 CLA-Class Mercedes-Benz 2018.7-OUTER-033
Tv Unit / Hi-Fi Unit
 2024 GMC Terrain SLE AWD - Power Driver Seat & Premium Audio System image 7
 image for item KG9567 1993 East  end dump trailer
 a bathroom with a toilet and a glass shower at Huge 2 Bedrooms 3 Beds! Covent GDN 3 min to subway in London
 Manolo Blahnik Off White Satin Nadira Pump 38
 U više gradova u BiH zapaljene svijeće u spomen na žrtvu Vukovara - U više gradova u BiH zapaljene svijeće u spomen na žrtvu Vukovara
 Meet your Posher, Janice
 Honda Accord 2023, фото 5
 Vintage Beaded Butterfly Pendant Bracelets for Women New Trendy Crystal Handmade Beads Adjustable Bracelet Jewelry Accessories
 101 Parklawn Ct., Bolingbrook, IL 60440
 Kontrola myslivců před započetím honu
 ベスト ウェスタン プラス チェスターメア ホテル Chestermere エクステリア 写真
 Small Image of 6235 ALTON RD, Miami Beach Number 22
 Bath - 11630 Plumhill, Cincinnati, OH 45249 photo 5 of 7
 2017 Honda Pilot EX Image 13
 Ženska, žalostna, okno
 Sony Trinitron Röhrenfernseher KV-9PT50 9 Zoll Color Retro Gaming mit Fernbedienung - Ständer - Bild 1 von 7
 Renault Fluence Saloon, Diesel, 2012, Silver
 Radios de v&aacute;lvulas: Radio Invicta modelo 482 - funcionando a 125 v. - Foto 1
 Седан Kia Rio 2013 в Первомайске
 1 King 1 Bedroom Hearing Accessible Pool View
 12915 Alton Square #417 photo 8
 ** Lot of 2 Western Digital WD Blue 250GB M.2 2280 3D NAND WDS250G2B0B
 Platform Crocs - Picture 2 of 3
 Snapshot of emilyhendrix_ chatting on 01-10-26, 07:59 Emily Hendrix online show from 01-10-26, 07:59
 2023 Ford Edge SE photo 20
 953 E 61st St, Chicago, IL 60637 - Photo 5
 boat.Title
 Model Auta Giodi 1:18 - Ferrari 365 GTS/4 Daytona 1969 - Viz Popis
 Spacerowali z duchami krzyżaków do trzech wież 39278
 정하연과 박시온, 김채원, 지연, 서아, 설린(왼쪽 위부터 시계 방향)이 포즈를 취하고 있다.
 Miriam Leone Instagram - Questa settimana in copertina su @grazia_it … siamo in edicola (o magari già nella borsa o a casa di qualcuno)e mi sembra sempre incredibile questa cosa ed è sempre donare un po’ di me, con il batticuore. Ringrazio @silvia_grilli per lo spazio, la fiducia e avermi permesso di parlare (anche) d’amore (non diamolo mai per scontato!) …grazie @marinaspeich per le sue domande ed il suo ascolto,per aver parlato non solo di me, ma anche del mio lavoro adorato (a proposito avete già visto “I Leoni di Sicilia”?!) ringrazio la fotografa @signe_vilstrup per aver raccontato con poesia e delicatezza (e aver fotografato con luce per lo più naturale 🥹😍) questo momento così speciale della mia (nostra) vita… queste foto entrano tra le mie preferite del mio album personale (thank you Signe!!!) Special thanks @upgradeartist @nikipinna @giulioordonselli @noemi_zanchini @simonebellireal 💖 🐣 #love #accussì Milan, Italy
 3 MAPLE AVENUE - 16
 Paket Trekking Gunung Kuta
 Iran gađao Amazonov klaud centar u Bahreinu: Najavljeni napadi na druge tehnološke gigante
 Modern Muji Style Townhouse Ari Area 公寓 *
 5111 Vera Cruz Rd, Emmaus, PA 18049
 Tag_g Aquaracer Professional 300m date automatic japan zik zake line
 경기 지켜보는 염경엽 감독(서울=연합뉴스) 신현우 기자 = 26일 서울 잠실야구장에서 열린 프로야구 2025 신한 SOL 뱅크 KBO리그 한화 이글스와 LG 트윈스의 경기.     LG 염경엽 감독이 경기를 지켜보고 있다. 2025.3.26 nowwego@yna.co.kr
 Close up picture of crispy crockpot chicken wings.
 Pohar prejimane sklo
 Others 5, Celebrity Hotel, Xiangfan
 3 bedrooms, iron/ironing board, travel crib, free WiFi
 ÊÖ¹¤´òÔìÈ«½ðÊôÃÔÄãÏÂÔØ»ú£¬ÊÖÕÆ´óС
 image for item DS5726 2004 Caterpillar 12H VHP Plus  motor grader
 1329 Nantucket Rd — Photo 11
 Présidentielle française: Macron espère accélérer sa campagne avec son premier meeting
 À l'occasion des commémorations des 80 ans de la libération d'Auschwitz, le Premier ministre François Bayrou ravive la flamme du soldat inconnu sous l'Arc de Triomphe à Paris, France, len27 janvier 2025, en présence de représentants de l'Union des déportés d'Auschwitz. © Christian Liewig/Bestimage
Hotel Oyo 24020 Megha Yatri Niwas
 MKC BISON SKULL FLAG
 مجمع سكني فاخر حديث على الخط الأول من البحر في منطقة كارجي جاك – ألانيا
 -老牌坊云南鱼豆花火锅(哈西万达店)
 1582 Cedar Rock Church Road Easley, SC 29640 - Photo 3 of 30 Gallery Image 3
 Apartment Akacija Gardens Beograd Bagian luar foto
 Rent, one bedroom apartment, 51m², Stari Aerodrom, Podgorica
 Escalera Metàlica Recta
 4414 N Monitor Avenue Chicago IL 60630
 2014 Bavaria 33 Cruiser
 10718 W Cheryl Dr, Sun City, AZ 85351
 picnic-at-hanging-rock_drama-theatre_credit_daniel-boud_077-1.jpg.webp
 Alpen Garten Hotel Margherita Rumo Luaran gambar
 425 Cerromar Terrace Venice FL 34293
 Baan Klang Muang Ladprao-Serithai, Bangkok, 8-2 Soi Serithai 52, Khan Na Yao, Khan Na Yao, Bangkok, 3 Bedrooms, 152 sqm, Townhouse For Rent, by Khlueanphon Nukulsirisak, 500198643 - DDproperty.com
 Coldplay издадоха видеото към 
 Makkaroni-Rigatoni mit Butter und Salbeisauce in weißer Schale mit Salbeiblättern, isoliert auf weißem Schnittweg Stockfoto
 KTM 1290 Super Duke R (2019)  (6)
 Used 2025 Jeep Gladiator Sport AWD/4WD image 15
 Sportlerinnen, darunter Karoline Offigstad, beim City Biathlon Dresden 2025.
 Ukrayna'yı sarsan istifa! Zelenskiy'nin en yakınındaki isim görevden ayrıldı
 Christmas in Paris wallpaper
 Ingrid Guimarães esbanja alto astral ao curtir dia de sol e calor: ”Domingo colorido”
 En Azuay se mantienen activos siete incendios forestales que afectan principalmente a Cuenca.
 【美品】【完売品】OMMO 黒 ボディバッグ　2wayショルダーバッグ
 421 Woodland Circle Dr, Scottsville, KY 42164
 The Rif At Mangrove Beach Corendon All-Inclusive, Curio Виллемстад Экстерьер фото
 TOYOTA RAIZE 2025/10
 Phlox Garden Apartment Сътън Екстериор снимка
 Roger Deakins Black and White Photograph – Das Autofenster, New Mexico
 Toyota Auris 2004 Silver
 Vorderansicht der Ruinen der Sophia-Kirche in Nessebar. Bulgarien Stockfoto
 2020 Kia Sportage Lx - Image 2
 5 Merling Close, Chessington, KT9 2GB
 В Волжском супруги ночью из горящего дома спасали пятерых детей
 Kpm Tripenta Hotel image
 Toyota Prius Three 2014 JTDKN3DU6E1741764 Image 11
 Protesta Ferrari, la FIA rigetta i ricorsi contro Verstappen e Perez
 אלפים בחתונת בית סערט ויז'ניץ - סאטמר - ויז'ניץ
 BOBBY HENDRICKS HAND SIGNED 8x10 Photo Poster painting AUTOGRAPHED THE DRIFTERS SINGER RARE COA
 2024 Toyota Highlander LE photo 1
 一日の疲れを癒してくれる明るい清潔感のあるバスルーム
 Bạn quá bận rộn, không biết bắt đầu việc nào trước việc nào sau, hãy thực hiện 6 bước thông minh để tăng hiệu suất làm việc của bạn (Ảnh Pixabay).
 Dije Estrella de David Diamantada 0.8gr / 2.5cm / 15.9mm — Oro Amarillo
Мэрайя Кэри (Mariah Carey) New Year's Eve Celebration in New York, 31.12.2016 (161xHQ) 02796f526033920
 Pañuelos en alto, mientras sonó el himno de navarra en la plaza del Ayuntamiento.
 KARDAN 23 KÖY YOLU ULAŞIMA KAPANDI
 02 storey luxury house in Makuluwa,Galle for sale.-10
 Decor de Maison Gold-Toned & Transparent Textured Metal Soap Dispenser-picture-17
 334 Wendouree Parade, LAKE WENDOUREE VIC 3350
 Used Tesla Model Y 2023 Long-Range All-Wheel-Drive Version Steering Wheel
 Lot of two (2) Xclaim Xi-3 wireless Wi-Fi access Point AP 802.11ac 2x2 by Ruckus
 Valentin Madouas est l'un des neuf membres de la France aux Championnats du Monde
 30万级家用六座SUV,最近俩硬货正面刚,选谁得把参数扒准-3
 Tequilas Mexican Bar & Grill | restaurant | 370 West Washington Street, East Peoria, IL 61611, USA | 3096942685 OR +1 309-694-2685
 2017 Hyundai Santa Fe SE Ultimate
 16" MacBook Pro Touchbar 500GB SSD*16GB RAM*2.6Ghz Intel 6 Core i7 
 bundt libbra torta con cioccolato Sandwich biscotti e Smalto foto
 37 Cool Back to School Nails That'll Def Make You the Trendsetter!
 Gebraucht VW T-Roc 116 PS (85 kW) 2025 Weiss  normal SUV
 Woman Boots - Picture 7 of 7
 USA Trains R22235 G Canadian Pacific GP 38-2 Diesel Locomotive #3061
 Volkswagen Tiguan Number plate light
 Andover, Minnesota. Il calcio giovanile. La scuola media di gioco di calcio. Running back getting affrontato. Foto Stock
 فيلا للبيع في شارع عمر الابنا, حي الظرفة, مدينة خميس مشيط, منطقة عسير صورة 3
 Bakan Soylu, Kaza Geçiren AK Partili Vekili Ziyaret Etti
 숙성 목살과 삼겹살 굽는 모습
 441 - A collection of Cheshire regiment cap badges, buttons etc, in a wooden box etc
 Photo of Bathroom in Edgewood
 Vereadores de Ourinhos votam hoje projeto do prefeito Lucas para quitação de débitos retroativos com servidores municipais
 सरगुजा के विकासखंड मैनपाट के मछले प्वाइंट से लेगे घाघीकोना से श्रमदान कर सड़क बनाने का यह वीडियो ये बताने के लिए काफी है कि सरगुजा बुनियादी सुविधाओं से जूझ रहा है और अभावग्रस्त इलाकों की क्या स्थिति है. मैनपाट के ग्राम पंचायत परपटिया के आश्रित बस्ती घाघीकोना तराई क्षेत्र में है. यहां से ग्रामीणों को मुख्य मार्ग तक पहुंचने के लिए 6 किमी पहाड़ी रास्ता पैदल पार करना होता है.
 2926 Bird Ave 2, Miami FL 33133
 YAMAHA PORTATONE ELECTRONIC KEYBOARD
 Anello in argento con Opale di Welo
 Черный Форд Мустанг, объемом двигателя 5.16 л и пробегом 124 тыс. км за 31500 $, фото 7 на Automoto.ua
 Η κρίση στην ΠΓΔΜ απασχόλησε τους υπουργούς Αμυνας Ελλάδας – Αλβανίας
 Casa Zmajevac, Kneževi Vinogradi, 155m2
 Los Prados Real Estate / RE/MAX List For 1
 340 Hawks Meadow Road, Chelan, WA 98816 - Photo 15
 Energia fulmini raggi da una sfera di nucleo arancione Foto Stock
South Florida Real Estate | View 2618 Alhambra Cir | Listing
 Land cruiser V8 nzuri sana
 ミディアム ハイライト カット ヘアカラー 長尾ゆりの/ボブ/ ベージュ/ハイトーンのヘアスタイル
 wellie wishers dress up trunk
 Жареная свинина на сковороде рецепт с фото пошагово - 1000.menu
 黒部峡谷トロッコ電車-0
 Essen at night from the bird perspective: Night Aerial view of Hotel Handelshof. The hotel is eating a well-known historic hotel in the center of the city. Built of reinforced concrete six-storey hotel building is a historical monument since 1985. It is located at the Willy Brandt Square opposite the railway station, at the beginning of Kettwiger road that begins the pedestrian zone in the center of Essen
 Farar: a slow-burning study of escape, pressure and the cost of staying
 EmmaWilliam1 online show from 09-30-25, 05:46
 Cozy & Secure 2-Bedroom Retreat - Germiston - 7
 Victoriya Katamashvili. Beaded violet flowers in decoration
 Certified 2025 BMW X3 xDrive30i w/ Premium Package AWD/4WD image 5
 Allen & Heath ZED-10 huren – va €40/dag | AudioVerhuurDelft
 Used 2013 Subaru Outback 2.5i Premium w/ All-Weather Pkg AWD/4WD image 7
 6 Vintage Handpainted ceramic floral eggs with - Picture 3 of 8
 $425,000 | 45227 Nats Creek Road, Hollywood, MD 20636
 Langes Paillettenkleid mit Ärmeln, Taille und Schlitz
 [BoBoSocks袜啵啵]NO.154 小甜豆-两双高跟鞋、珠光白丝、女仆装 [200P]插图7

*Instructions for the task*
From the entries above, give again exactly the lines running from the line with "정하연과 박시온, 김채원, 지연, 서아, 설린(왼쪽" to the line with "Miriam Leone Instagram"; include both of those lines.

*Written response*
 정하연과 박시온, 김채원, 지연, 서아, 설린(왼쪽 위부터 시계 방향)이 포즈를 취하고 있다.
 Miriam Leone Instagram - Questa settimana in copertina su @grazia_it … siamo in edicola (o magari già nella borsa o a casa di qualcuno)e mi sembra sempre incredibile questa cosa ed è sempre donare un po’ di me, con il batticuore. Ringrazio @silvia_grilli per lo spazio, la fiducia e avermi permesso di parlare (anche) d’amore (non diamolo mai per scontato!) …grazie @marinaspeich per le sue domande ed il suo ascolto,per aver parlato non solo di me, ma anche del mio lavoro adorato (a proposito avete già visto “I Leoni di Sicilia”?!) ringrazio la fotografa @signe_vilstrup per aver raccontato con poesia e delicatezza (e aver fotografato con luce per lo più naturale 🥹😍) questo momento così speciale della mia (nostra) vita… queste foto entrano tra le mie preferite del mio album personale (thank you Signe!!!) Special thanks @upgradeartist @nikipinna @giulioordonselli @noemi_zanchini @simonebellireal 💖 🐣 #love #accussì Milan, Italy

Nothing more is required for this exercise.